The scope of urban ambition today ranges from new business districts to special economic zones to entirely new cities never before on the map. Sitting down recently at a construction site on the banks of the Elbe River, I spoke with Jürgen Bruns-Berentelg, CEO of Hamburg's bold new HafenCity project. A veteran of Berlin's futuristically redesigned Potsdamer Platz, he has resuscitated Hamburg's neglected industrial waterfront and turned it into an efficient, job- and family-friendly island, seamlessly integrated into this revitalized German city. "We've moved from arbitrary to curated urban design," he told me confidently. Just as Hamburg was once a powerful trading linchpin of the medieval Hanseatic League because of its proximity to the Baltic Sea, HafenCity's ample new port terminals look to capitalize on changing trade patterns to capture a larger slice of the massive global shipping market. But HafenCity is also designed to house 21st-century industries. Global companies such as Procter & Gamble have moved their regional headquarters into buildings that are so ecoefficient that their toilets don't use water. "For both businesses and residents," Bruns-Berentelg pointed out, "moving to HafenCity is more than a rental decision -- it's a lifestyle choice." Officials from Rotterdam, Toronto, and other forward-thinking cities are coming to learn from HafenCity, whose residents are in a way the pioneers of urban renewal for the Western world, which doesn't have the luxury of building cities from scratch.

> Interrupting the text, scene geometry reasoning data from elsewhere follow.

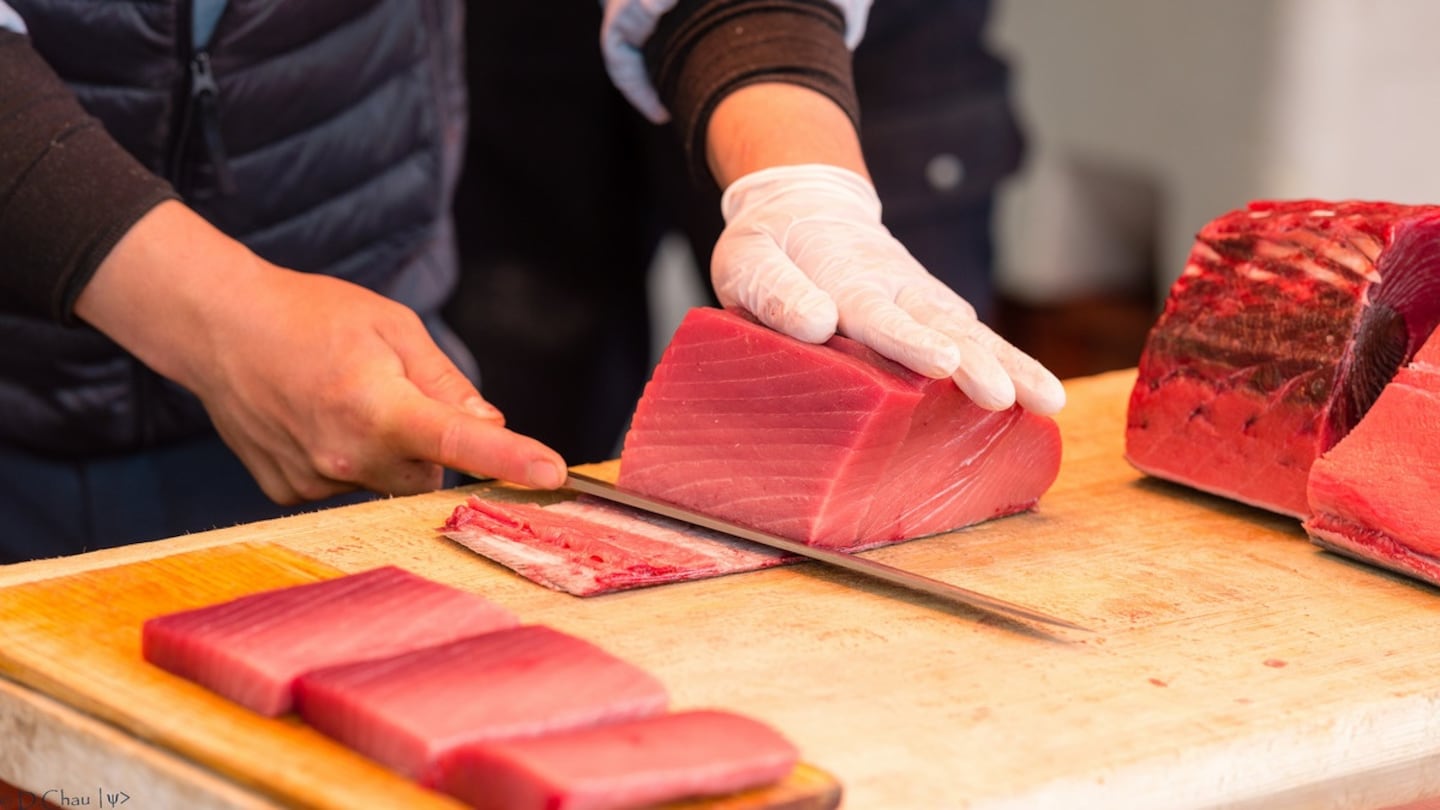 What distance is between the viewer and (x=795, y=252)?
2.42m

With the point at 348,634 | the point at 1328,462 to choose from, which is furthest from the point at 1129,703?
the point at 348,634

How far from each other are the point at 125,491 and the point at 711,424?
114 centimetres

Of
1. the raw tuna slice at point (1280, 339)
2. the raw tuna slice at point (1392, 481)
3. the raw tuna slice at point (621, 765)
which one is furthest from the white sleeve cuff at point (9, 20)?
the raw tuna slice at point (1392, 481)

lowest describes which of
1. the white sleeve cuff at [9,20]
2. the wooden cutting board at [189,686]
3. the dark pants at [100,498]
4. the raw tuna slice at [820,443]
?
the dark pants at [100,498]

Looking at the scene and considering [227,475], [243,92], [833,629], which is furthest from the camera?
[227,475]

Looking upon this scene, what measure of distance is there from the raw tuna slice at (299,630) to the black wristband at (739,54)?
4.19 feet

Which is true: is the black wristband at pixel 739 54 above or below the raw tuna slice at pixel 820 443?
above

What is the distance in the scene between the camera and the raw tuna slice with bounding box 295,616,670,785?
56.3 inches

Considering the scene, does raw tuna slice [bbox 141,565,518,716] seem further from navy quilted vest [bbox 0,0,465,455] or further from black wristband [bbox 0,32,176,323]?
navy quilted vest [bbox 0,0,465,455]

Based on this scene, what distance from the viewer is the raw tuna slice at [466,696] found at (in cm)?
143

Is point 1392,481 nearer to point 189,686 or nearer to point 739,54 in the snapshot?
point 739,54

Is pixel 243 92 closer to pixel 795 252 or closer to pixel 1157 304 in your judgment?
pixel 795 252

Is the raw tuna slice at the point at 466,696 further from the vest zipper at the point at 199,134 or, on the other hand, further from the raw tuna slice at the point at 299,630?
the vest zipper at the point at 199,134

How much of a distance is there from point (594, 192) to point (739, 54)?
4.72 ft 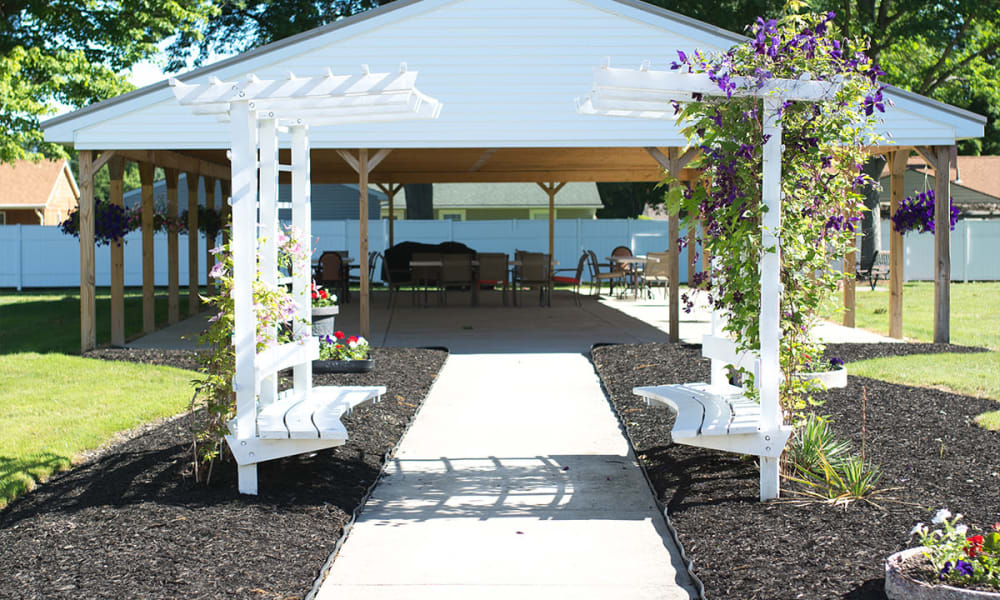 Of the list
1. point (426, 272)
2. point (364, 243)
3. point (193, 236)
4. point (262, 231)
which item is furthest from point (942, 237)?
point (193, 236)

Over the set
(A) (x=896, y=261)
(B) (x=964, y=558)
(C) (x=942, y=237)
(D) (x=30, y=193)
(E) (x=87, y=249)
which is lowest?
(B) (x=964, y=558)

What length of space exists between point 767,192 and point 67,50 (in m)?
17.5

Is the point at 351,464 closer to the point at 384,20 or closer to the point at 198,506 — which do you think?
the point at 198,506

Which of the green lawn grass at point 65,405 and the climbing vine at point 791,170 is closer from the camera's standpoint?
the climbing vine at point 791,170

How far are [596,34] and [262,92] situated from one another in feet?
21.6

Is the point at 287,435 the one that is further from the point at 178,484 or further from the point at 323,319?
the point at 323,319

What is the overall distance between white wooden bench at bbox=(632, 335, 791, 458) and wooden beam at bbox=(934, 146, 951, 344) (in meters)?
5.93

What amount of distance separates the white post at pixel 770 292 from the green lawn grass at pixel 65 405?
12.1ft

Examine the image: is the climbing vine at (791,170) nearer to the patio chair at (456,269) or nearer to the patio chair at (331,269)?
the patio chair at (456,269)

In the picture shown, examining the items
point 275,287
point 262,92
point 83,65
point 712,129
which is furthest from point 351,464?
point 83,65

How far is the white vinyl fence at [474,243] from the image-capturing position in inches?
945

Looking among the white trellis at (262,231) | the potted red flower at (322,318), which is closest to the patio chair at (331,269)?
the potted red flower at (322,318)

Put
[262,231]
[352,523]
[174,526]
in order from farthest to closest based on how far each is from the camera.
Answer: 1. [262,231]
2. [352,523]
3. [174,526]

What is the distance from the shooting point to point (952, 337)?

Africa, however, does -- and that's precisely what Stanford University economist Paul Romer is pushing. His "Charter Cities" initiative aims to help poor countries leapfrog into the urban age by embracing an idea much like charter schools: Set aside a plot of land, give it special administrative status and flexibility (as China did in leasing Hong Kong to Britain), and then step out of the way and let experts run it. Romer is in discussions with countries in Africa to find a candidate willing to provide the land for a pilot project; his plan has the potential to transform an entire country's fortunes. Whether or not his utopian and, to some, neocolonial dream goes anywhere, some places have already successfully experimented on their own: China's Guangdong province has had special economic zones for decades, meant to cut out hidebound bureaucracies in favor of business-friendly parastatal governance. Enclaves from King Abdullah Economic City in Saudi Arabia to Binh Duong in Vietnam are now copying the model.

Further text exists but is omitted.